The Sunday Times reported a £300m raid on workplace pensions recently. Immediate thoughts were this must be another article about final salary pension schemes, but on this occasion it wasn’t.
As final salary pension schemes dwindle more attention is being focused on its replacement – money purchase pension plans. The Sunday Times (15/09/13) was reporting on the costs of money purchase schemes and the impact costs have on your retirement fund. They were particularly focusing on the unfair higher charges paid up members (those that have stopped paying in) are forced to pay. According to Hymans Robertson it’s common for annual management charges to more than double from about 0.4% to 1% when an employee stops paying in. Where I believe a greater problem exists is when a former employee, perhaps someone who has moved jobs, leaves their pension with their old company and is hit by increased costs. Even today historic paid up pension plans can have higher charges than newer pension plans. But what does this mean in terms of a retirement pot at age 65?

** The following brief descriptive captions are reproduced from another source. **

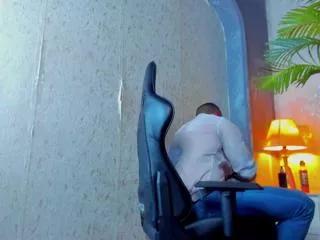 dennis_cox from Flirt4Free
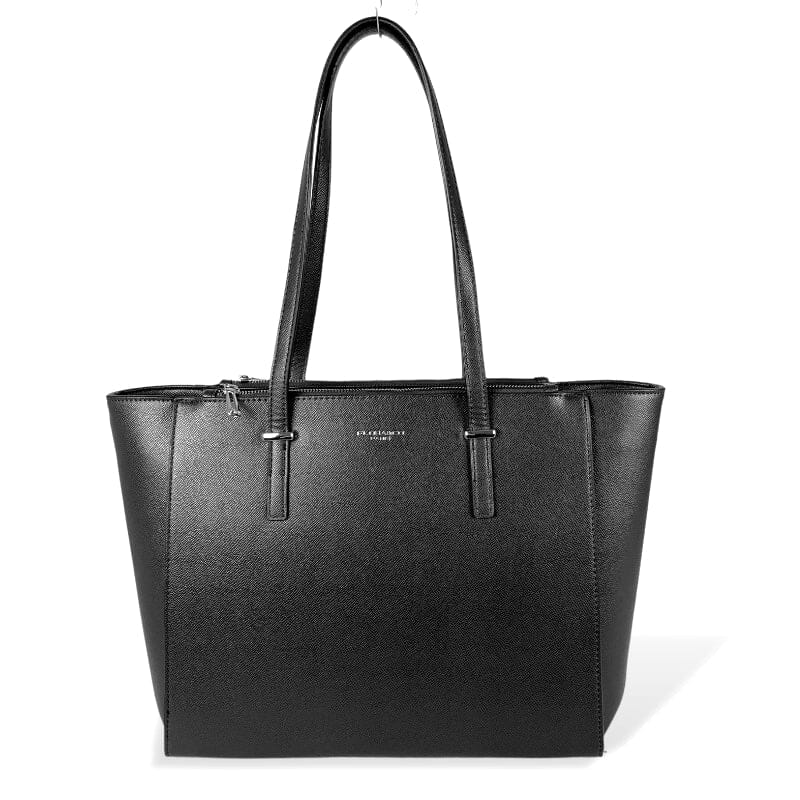 Flora & Co Camilla Shopper Zwart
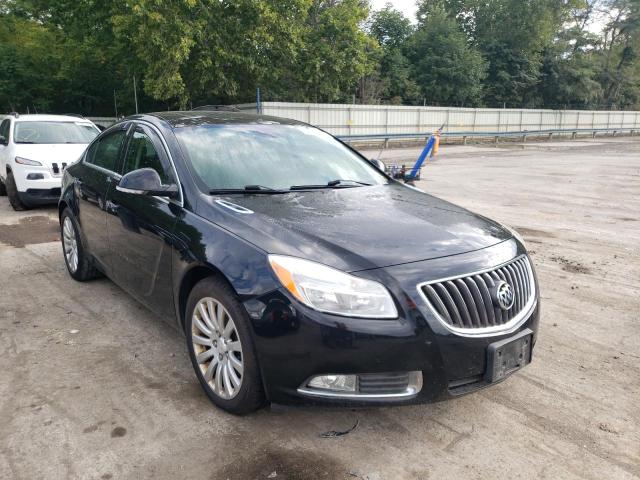 BUICK REGAL PREM 2012 2g4gs5ev7c9215391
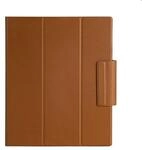Magnetic Case Tab Ultra C Pro Brown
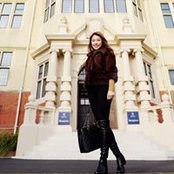 Jenny Lai's photo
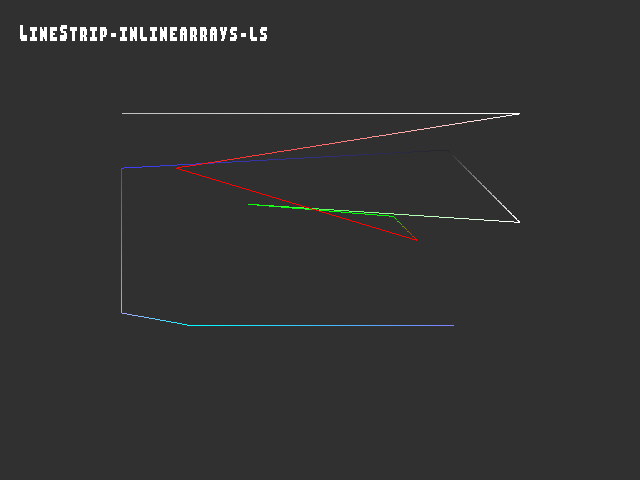 Source image for 3D_primitive::LineStrip-inlinearrays-ls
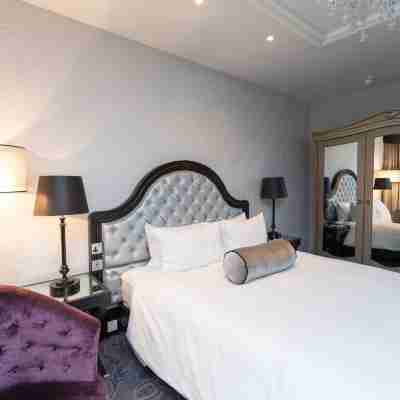 Hilton London Syon Park Rooms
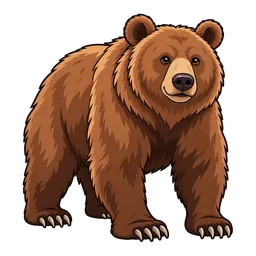 Bear
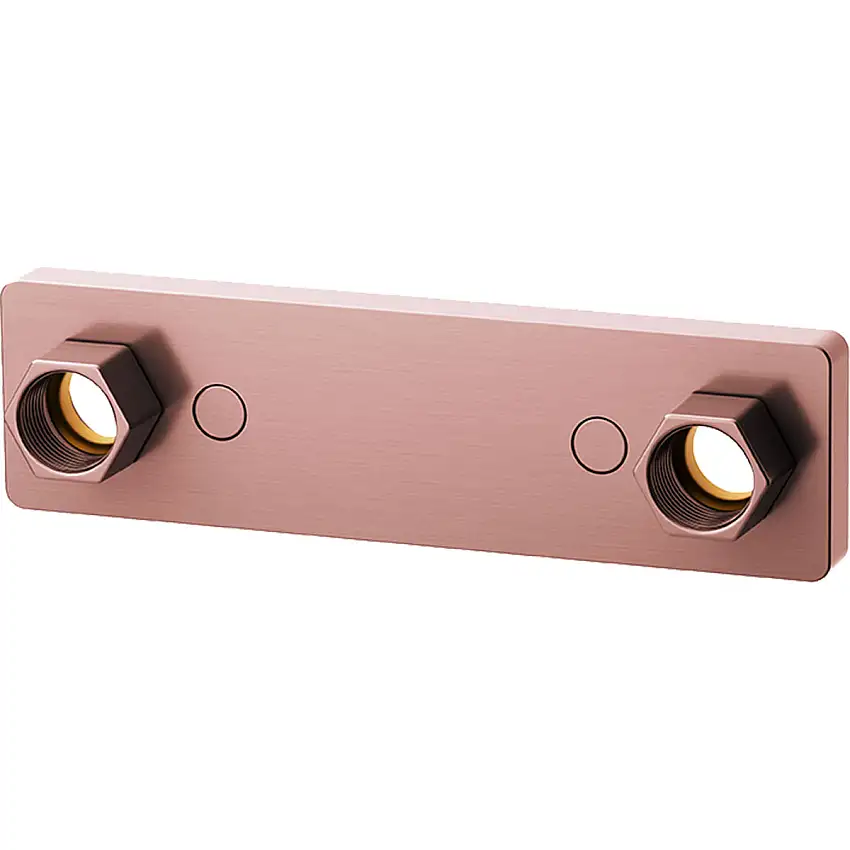 Blandarfäste TapwellDesignline 16pex för 160 CCKoppar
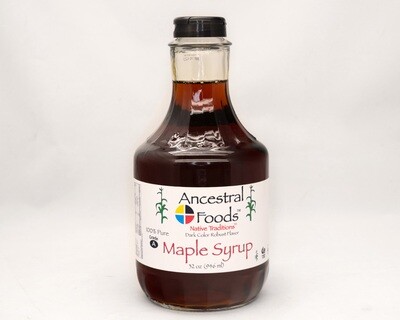 Pure Maple Syrup Grade A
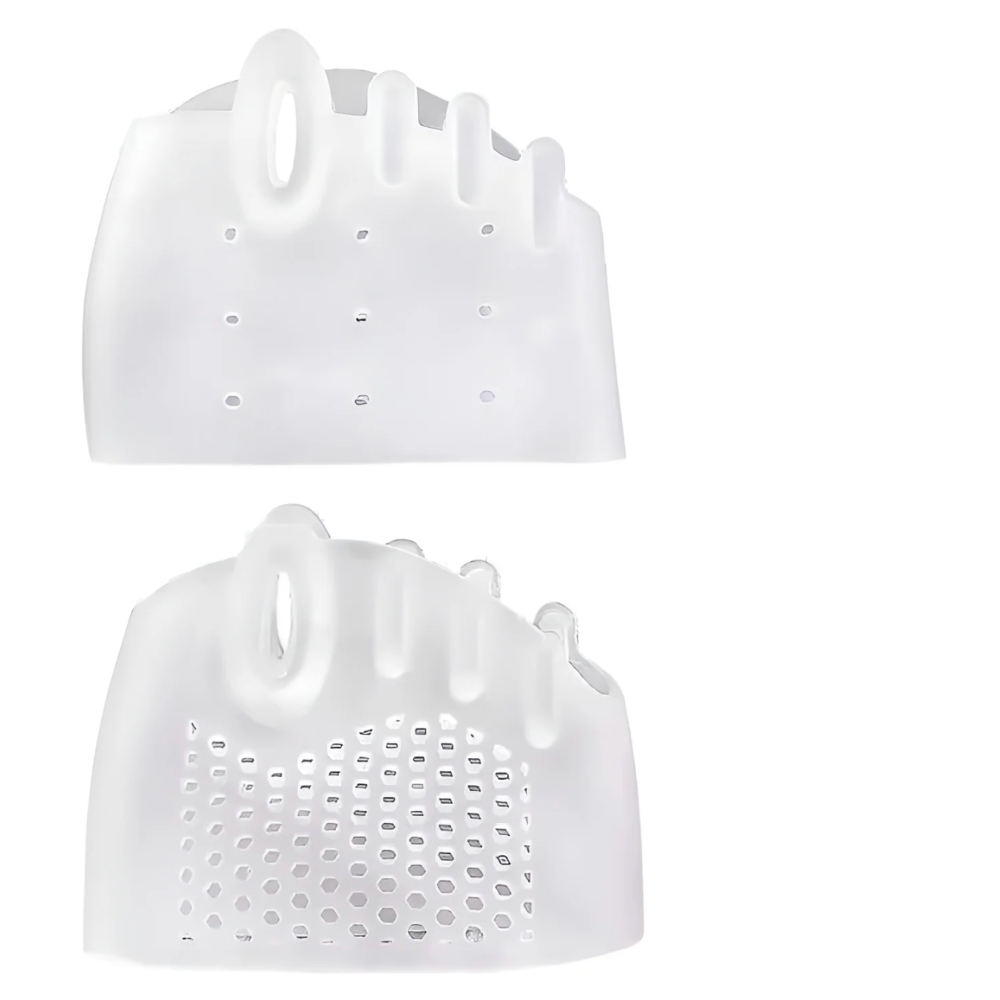 Solevia™ Toe Alignment System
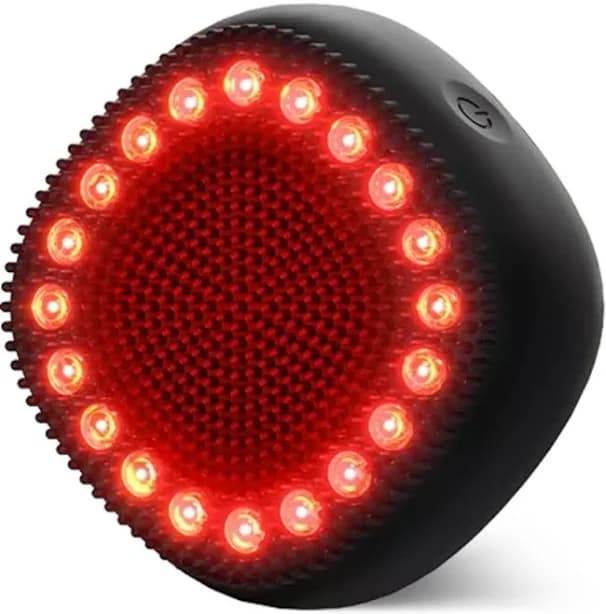 FOREO FAQ 302 Hair Regrowth Scalp Massager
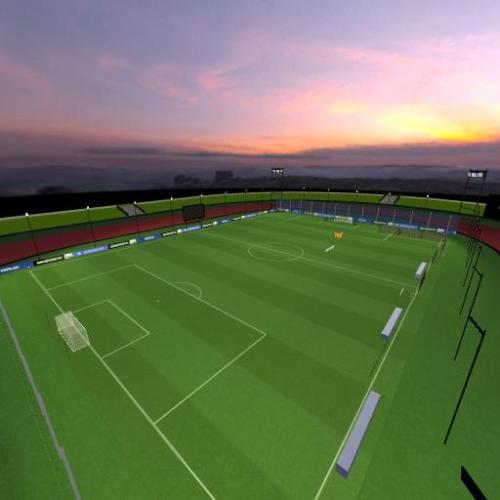Arena Image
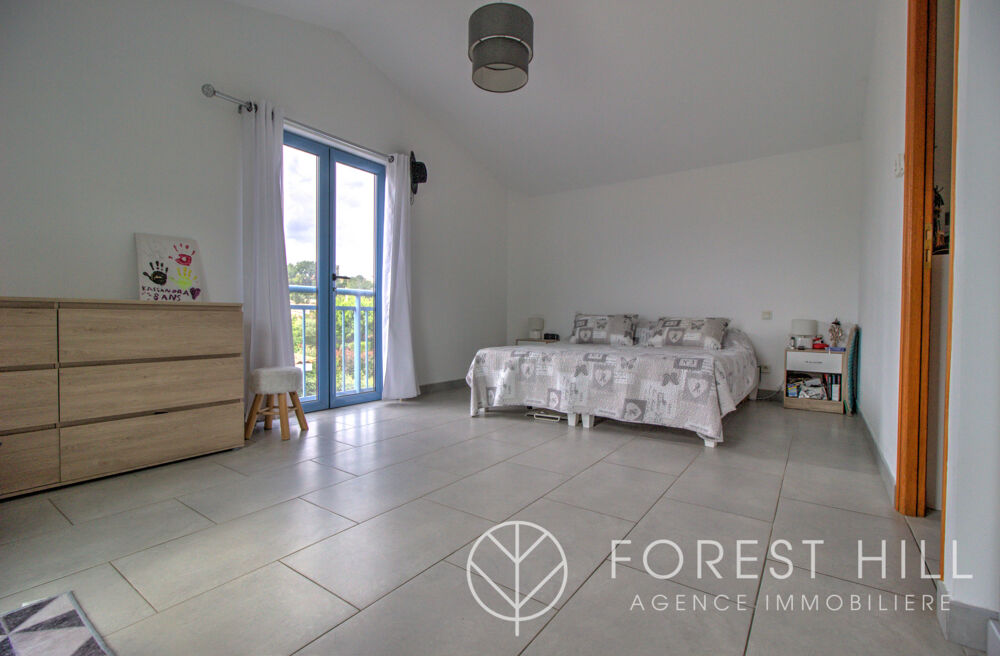 Vente Maison Belle maison 4 faces avec piscine St jean pla de corts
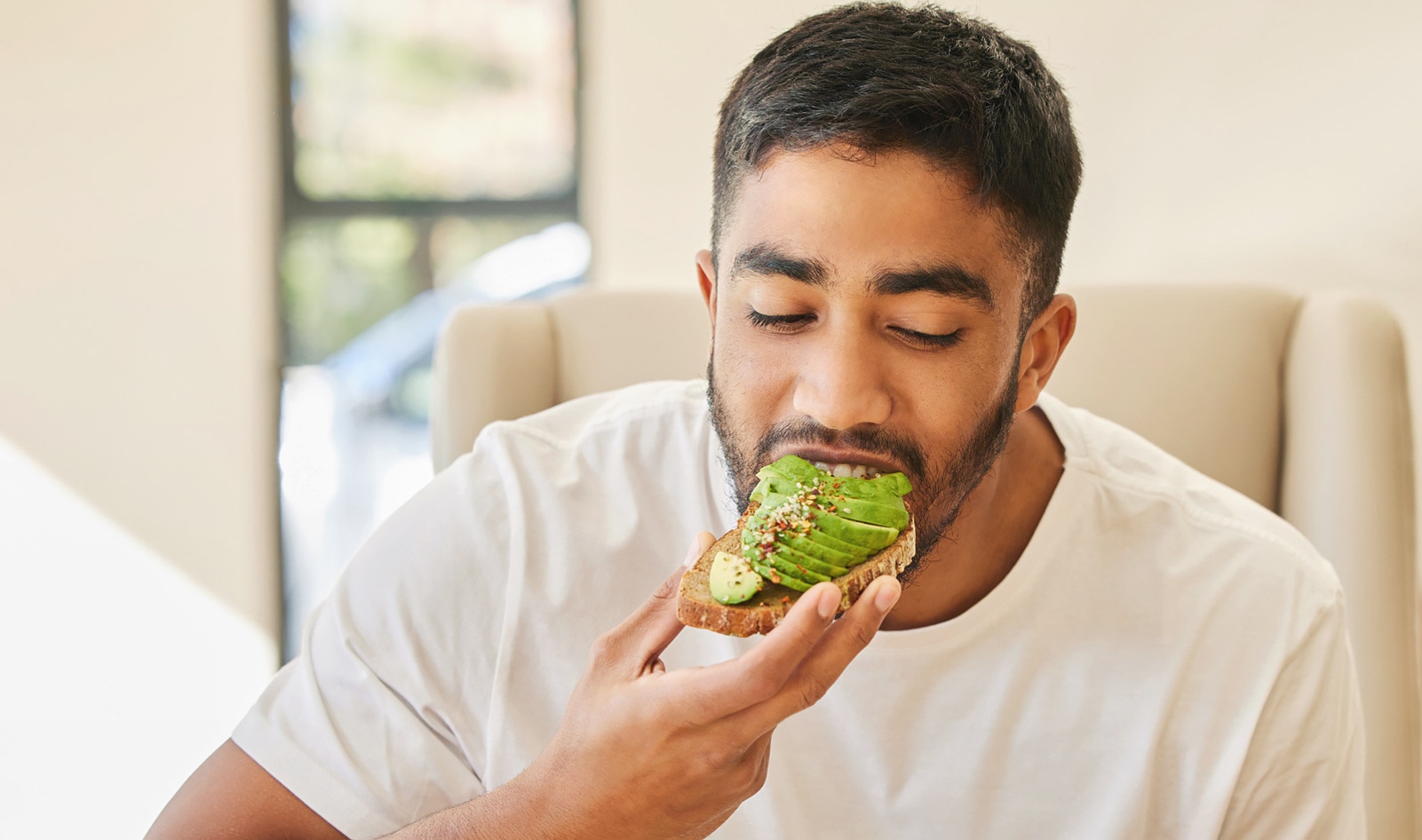 This Tool Solves the Age-Old Problem of Avocado Ripeness and Fights Food Waste, Too
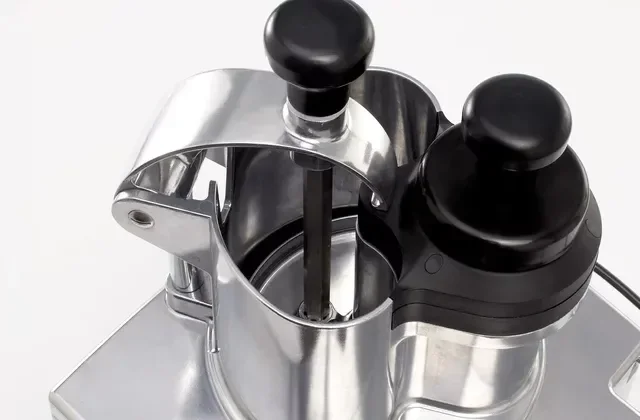 Robotcoupe coupe légumes professionnel 1 vitesse triphasé Produit De Marque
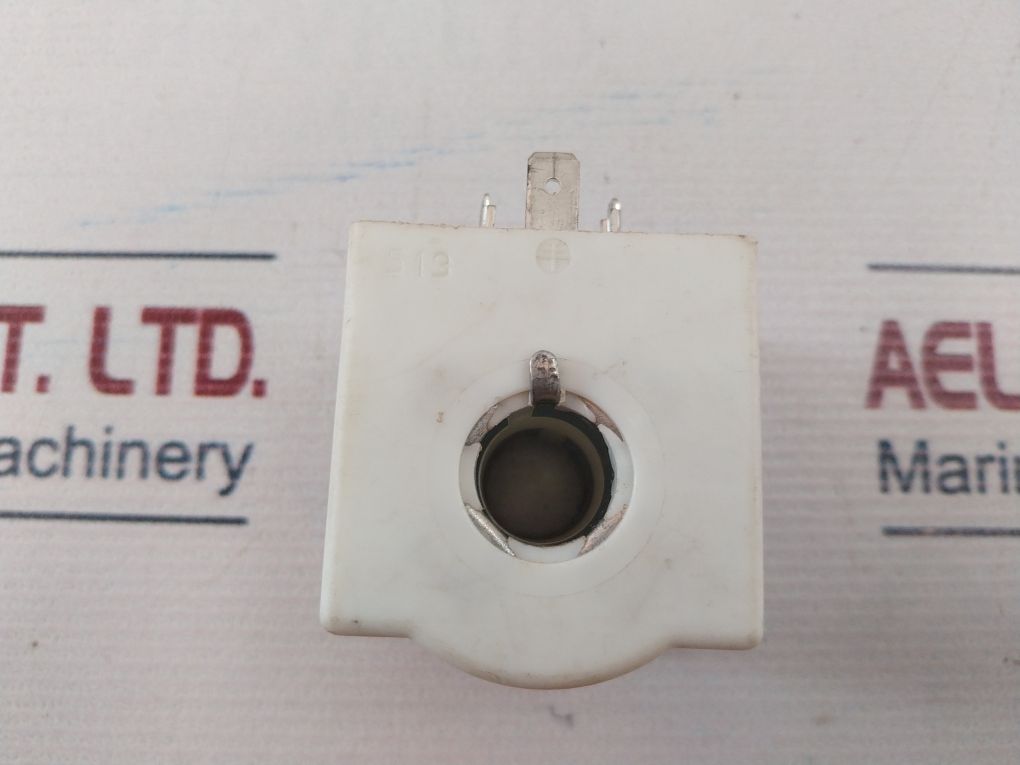 Danfoss 018Z6302 Solenoid Coil 120V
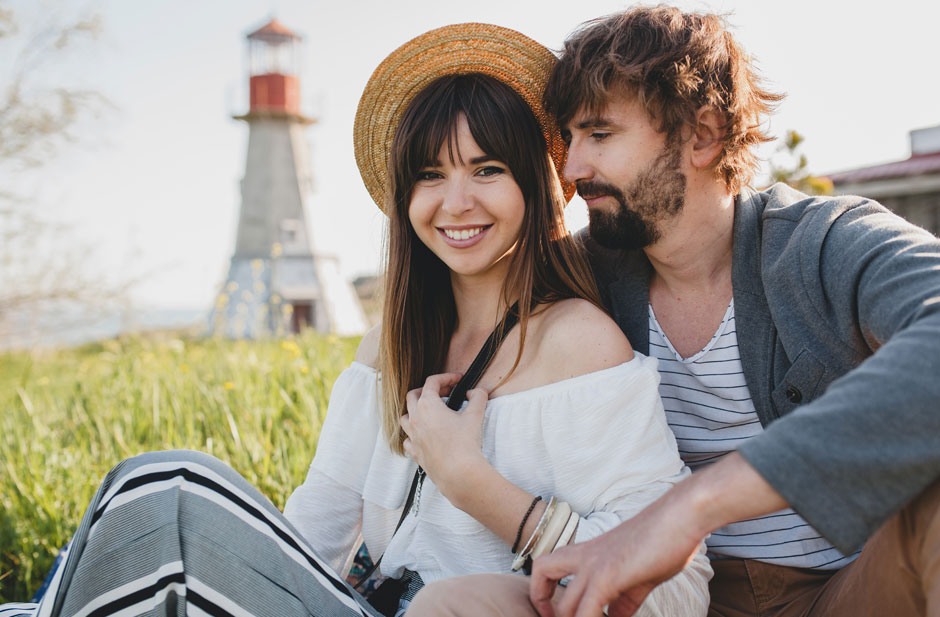 Wie kann Ich das beste Country-Dating auswählen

Hymans’ research analysed the impact of a 0.6% additional charge on a pension pot of £35,000 – the average saved in a workplace scheme. It calculated someone who stays in their job (or retains a lower charges by transferring) picks up a 30% higher pension. Over 30 years the £35,000 pension pot grows to £99,130 whereas the leaver picks up £76,893. This will cut from £6,100 to £4,730 the annuity bought at 65.
The damage escalates along with the amount of savings. A £100,000 pension pot would be worth only £219,694 at retirement, rather than £283,230, cutting the available pension by £3,910 from £17,420 to £13,510.